EXERCISE DATA START

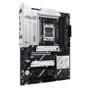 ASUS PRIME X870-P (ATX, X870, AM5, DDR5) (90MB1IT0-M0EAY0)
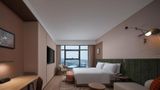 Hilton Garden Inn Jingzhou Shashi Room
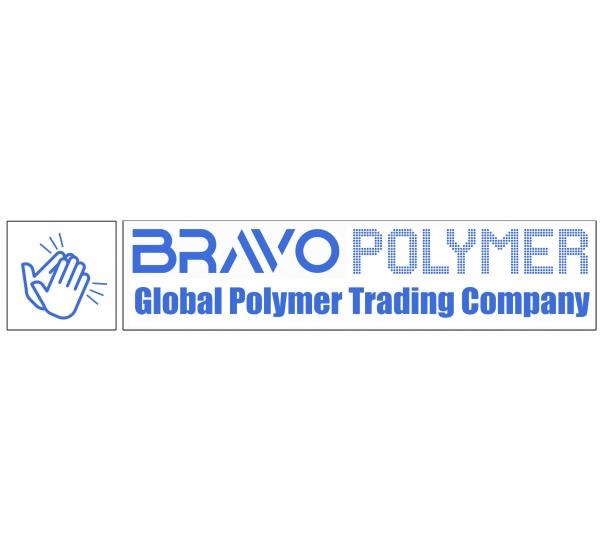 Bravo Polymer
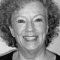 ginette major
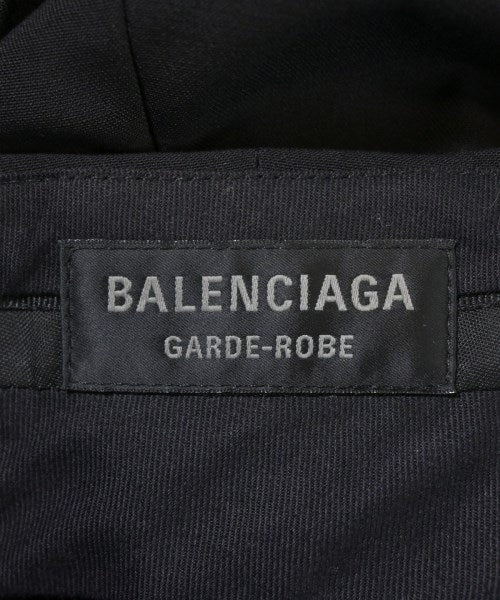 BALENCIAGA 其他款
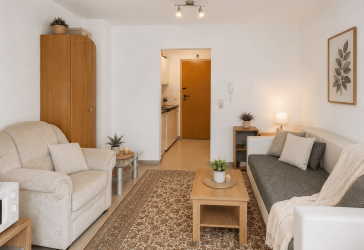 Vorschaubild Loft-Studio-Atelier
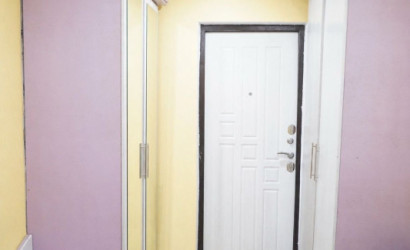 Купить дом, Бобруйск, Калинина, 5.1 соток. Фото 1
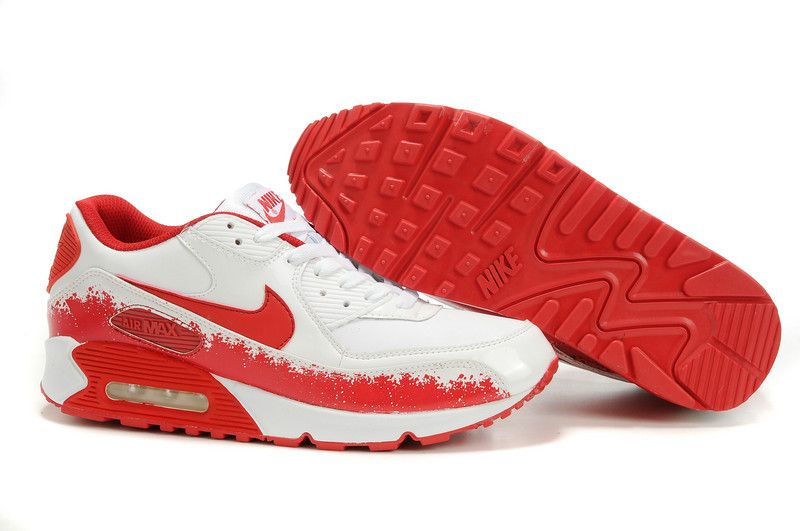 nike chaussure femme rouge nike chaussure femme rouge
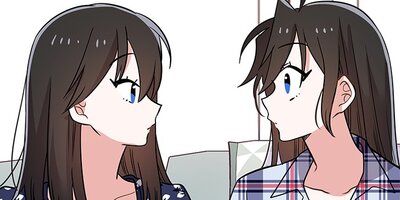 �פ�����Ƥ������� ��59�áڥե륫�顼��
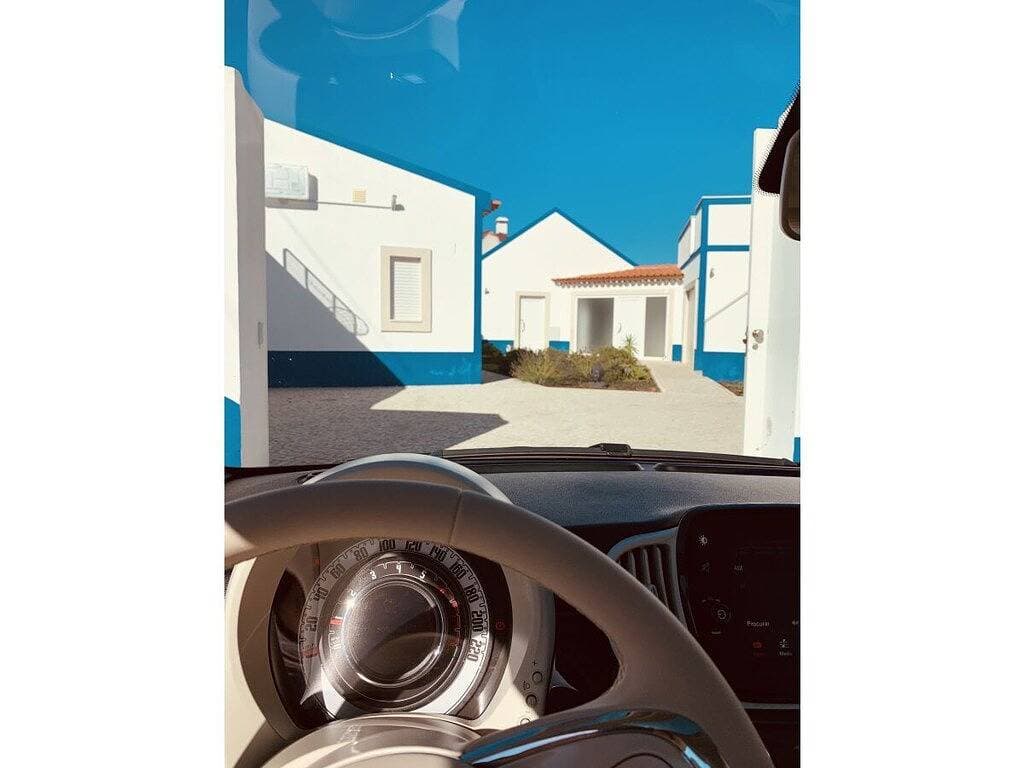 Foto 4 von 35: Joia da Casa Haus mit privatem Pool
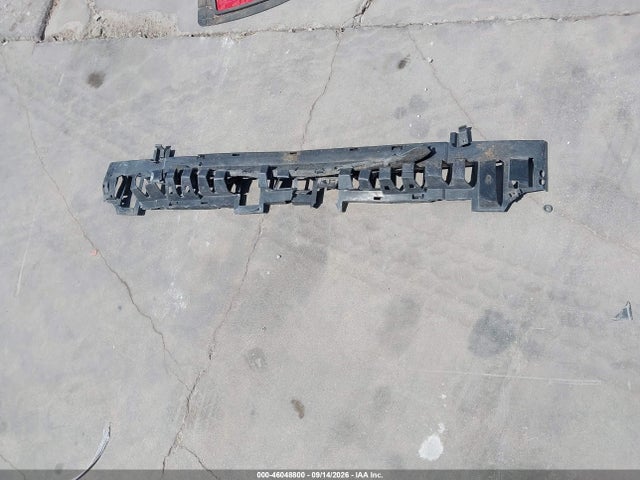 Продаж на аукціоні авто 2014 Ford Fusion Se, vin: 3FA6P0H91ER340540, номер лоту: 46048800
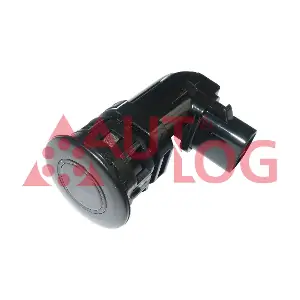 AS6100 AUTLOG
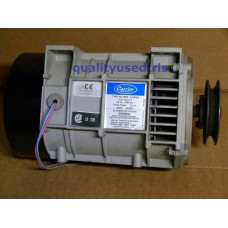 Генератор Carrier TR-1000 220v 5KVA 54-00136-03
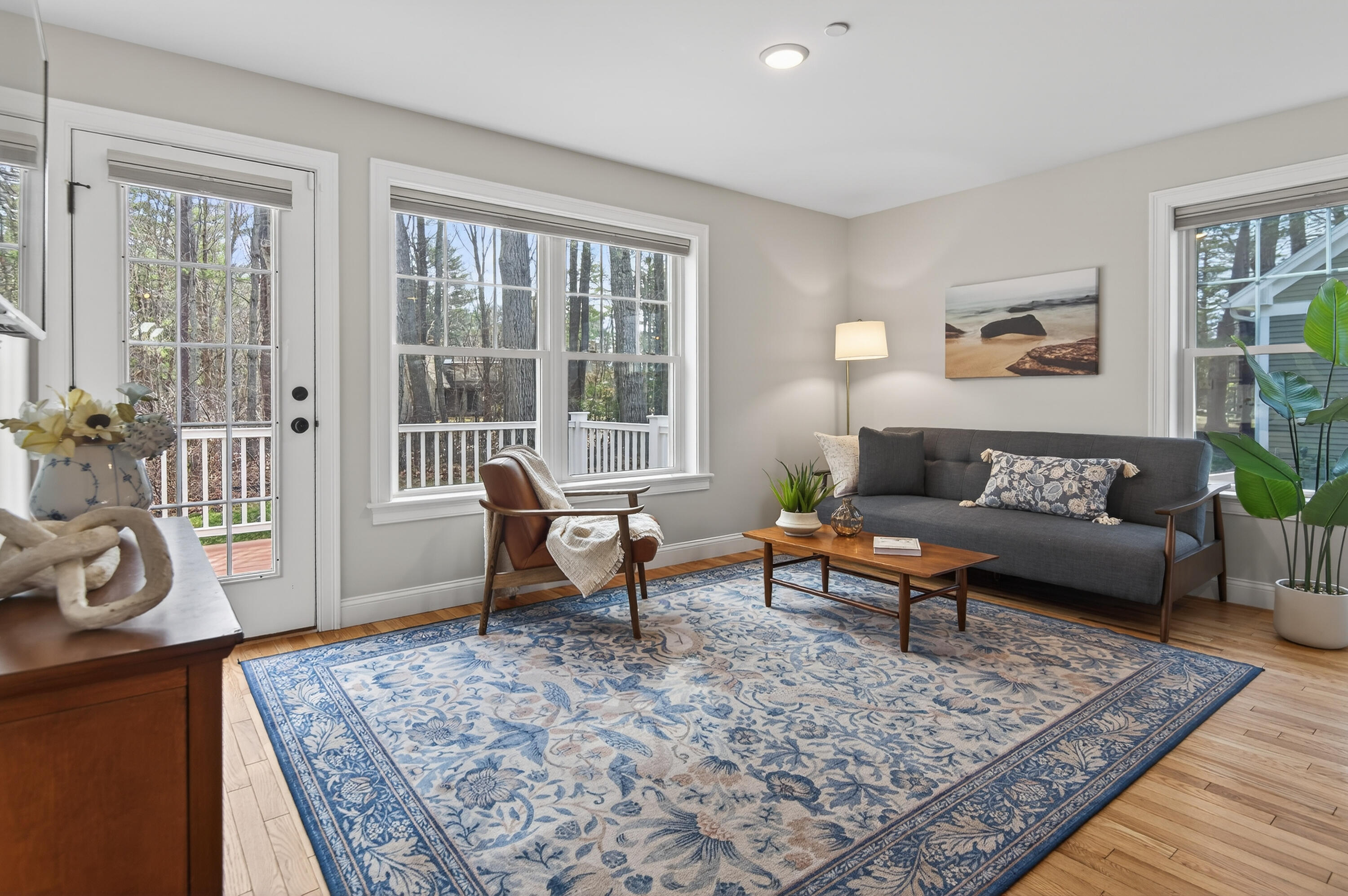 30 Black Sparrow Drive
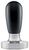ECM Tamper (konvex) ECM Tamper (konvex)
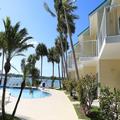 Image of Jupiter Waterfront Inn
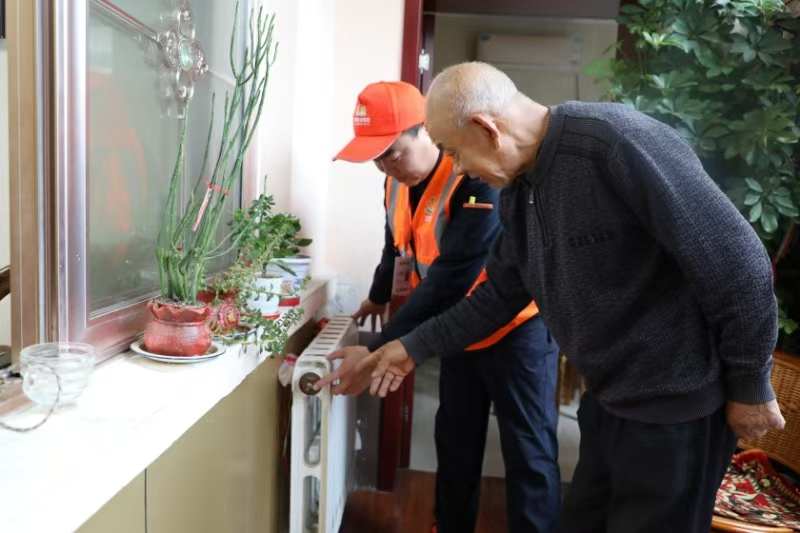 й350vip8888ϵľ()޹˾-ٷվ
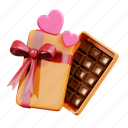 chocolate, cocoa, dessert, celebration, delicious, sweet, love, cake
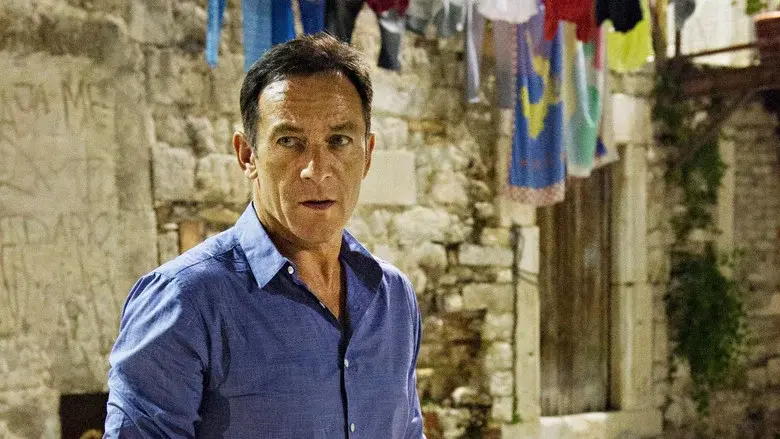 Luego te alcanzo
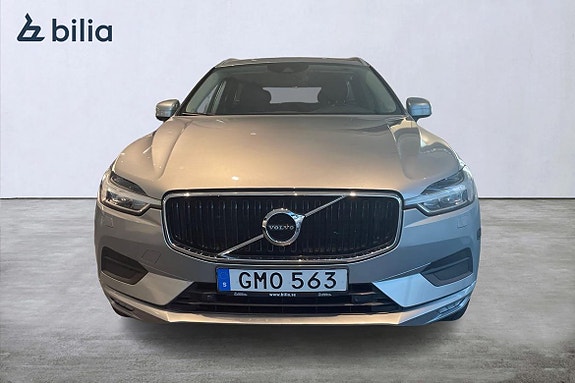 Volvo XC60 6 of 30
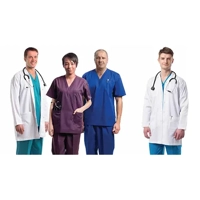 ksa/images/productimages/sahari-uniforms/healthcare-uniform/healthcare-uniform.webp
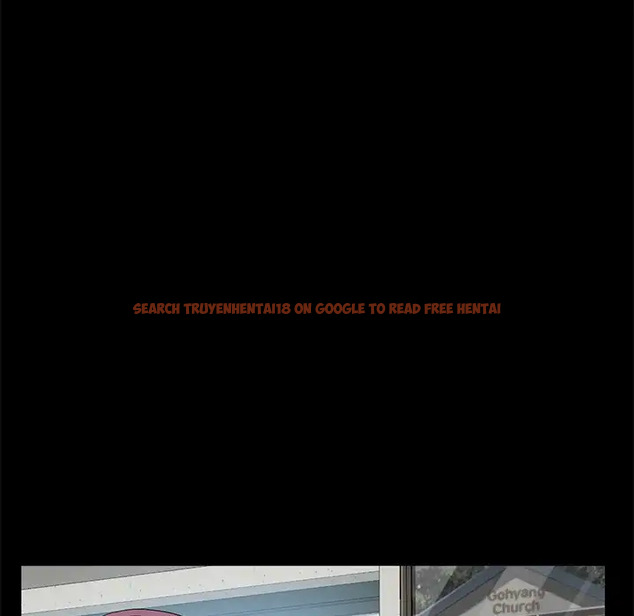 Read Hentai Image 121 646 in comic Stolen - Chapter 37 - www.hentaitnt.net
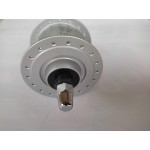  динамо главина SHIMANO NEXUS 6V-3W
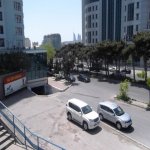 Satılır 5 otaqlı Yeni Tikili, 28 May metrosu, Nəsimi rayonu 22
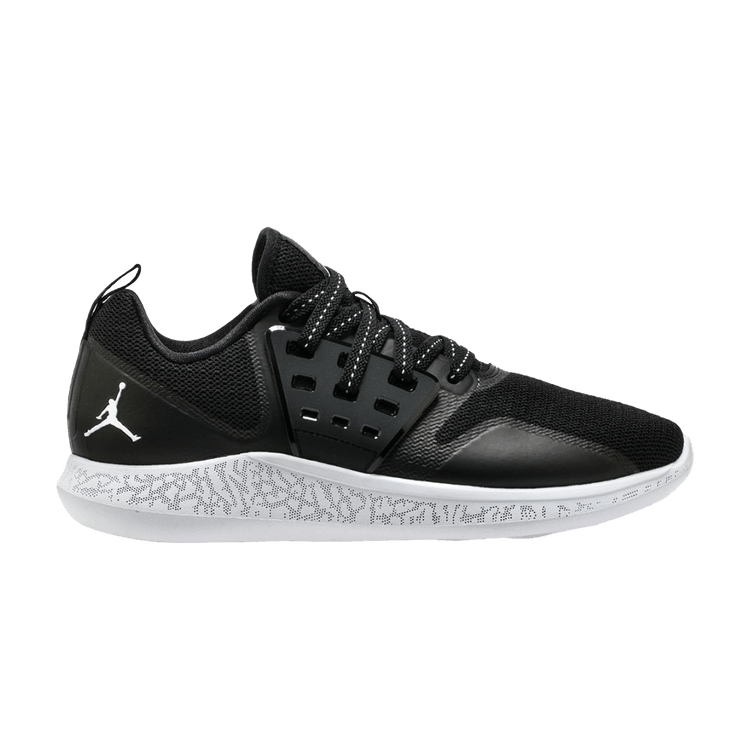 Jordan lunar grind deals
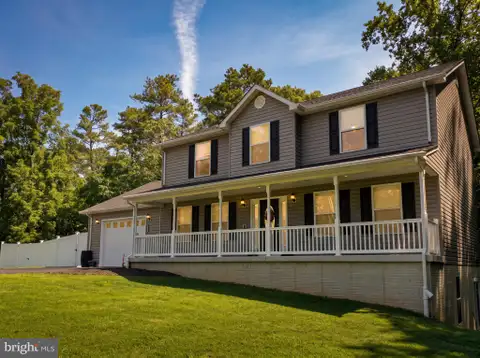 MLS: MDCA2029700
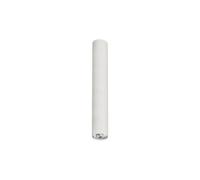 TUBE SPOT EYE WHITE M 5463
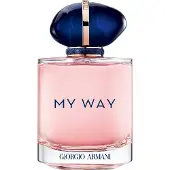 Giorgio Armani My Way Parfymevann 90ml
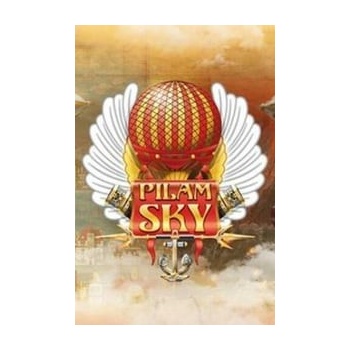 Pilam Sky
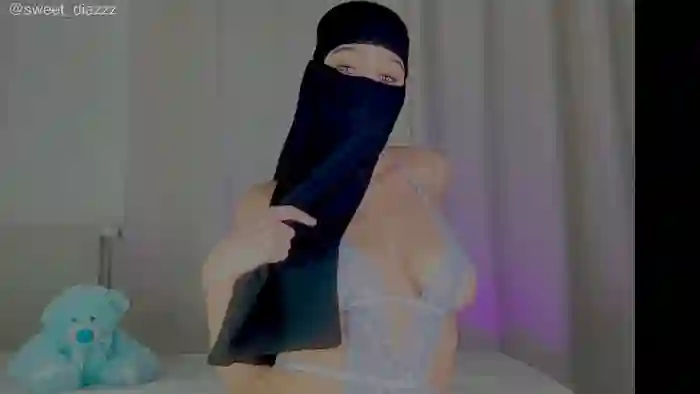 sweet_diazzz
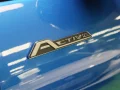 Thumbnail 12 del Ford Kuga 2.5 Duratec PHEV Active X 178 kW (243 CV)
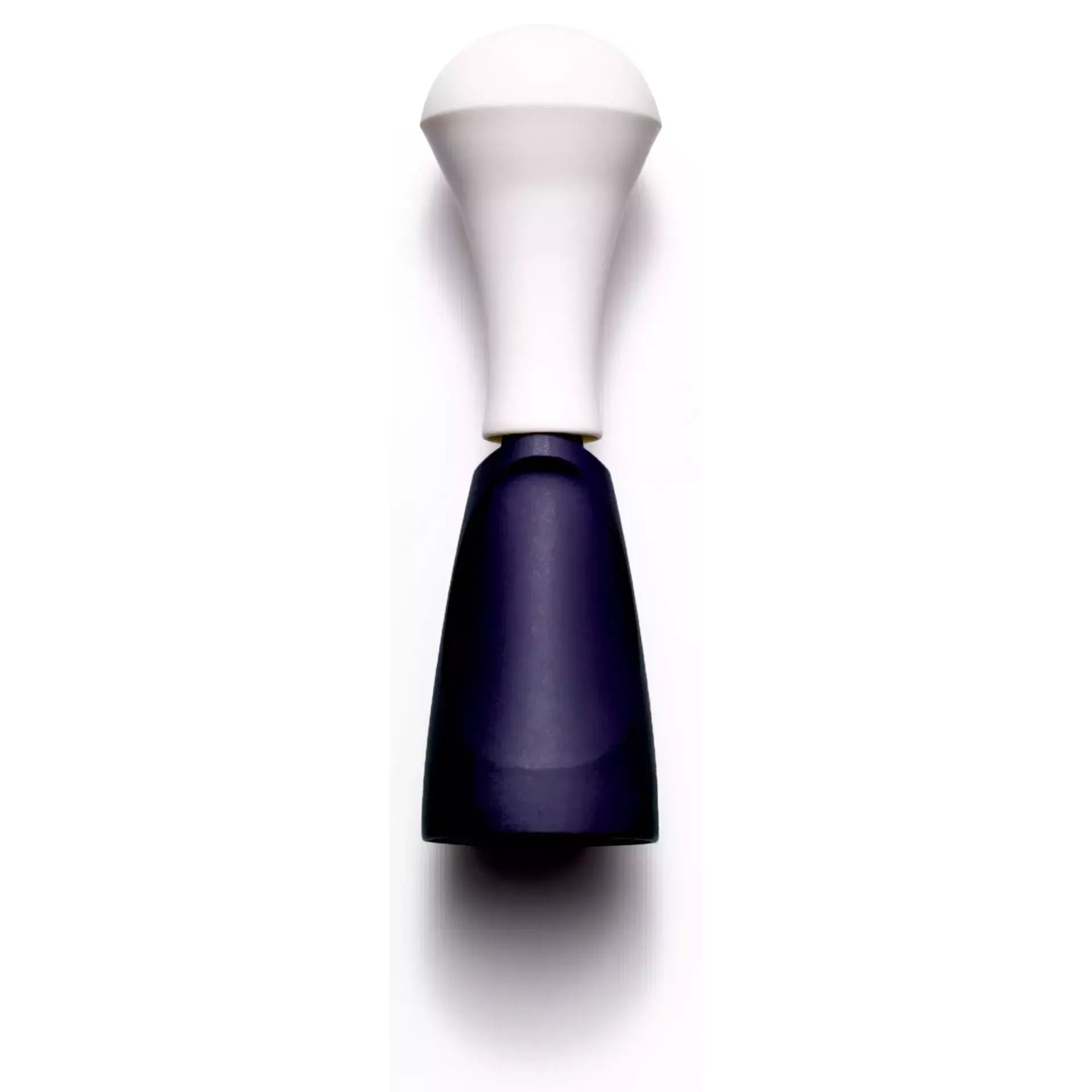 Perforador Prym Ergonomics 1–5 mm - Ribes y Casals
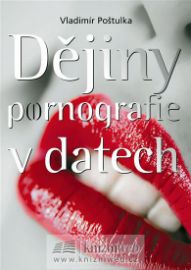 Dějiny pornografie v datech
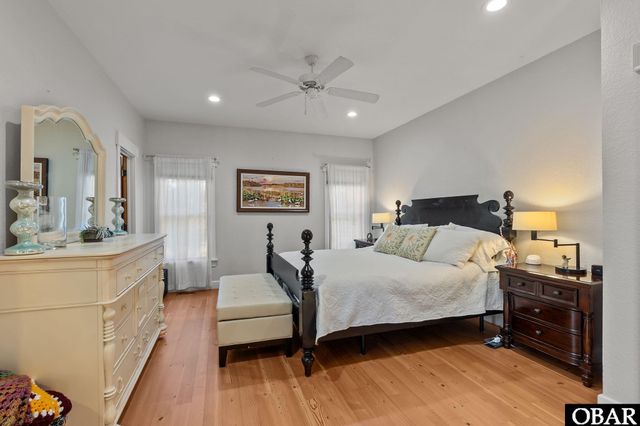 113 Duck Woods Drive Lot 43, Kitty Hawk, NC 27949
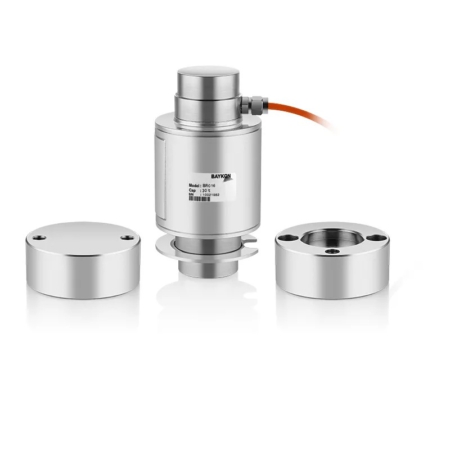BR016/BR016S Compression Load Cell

EXERCISE DATA END

**WHAT THE EXERCISE ASKS**
Could you write out, word for word, the lines from the one containing "Foto 4 von 35: Joia" through the last line of the records, leaving out the pictures?

**RESULT**
 Foto 4 von 35: Joia da Casa Haus mit privatem Pool
 Продаж на аукціоні авто 2014 Ford Fusion Se, vin: 3FA6P0H91ER340540, номер лоту: 46048800
 AS6100 AUTLOG
 Генератор Carrier TR-1000 220v 5KVA 54-00136-03
 30 Black Sparrow Drive
ECM Tamper (konvex) ECM Tamper (konvex)
 Image of Jupiter Waterfront Inn
 й350vip8888ϵľ()޹˾-ٷվ
 chocolate, cocoa, dessert, celebration, delicious, sweet, love, cake
 Luego te alcanzo
 Volvo XC60 6 of 30
 ksa/images/productimages/sahari-uniforms/healthcare-uniform/healthcare-uniform.webp
 Read Hentai Image 121 646 in comic Stolen - Chapter 37 - www.hentaitnt.net
  динамо главина SHIMANO NEXUS 6V-3W
 Satılır 5 otaqlı Yeni Tikili, 28 May metrosu, Nəsimi rayonu 22
 Jordan lunar grind deals
 MLS: MDCA2029700
 TUBE SPOT EYE WHITE M 5463
 Giorgio Armani My Way Parfymevann 90ml
 Pilam Sky
 sweet_diazzz
 Thumbnail 12 del Ford Kuga 2.5 Duratec PHEV Active X 178 kW (243 CV)
 Perforador Prym Ergonomics 1–5 mm - Ribes y Casals
 Dějiny pornografie v datech
 113 Duck Woods Drive Lot 43, Kitty Hawk, NC 27949
BR016/BR016S Compression Load Cell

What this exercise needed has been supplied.